#### Data shown

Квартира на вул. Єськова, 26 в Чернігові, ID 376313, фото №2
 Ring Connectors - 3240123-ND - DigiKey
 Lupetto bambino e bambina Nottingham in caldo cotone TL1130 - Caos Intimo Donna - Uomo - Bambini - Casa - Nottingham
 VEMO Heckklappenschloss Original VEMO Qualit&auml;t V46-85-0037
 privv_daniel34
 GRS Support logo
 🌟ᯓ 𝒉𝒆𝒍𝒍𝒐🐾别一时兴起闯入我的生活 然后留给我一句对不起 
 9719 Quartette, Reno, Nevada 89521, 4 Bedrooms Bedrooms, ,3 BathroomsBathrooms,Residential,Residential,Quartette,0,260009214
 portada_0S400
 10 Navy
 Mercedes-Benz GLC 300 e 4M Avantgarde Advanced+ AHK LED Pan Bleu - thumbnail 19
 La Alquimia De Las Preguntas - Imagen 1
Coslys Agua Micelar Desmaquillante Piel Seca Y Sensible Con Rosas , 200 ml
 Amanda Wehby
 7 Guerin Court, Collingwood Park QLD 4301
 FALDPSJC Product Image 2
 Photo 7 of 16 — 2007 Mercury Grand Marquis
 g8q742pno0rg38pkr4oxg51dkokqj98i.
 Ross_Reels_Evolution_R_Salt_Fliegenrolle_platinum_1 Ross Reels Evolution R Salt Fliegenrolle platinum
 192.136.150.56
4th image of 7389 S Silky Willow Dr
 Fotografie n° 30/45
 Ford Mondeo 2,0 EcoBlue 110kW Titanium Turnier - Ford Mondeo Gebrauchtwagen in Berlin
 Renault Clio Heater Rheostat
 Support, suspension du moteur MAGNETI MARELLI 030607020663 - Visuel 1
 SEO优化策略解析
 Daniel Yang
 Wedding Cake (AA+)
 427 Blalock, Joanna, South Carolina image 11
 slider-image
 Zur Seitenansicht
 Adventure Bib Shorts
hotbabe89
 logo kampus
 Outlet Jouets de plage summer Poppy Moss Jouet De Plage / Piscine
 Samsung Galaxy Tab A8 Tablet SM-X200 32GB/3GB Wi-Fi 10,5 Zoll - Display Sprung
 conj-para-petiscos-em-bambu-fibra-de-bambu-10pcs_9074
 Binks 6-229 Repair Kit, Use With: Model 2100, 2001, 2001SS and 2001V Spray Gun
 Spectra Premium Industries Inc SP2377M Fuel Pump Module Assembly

########

__Directions for this task__: Only the lines above from the one with "La Alquimia De Las Preguntas - Imagen 1" up to and including the one with "Renault Clio Heater Rheostat" should be repeated, exactly as written.

__The completed task__:
 La Alquimia De Las Preguntas - Imagen 1
Coslys Agua Micelar Desmaquillante Piel Seca Y Sensible Con Rosas , 200 ml
 Amanda Wehby
 7 Guerin Court, Collingwood Park QLD 4301
 FALDPSJC Product Image 2
 Photo 7 of 16 — 2007 Mercury Grand Marquis
 g8q742pno0rg38pkr4oxg51dkokqj98i.
 Ross_Reels_Evolution_R_Salt_Fliegenrolle_platinum_1 Ross Reels Evolution R Salt Fliegenrolle platinum
 192.136.150.56
4th image of 7389 S Silky Willow Dr
 Fotografie n° 30/45
 Ford Mondeo 2,0 EcoBlue 110kW Titanium Turnier - Ford Mondeo Gebrauchtwagen in Berlin
 Renault Clio Heater Rheostat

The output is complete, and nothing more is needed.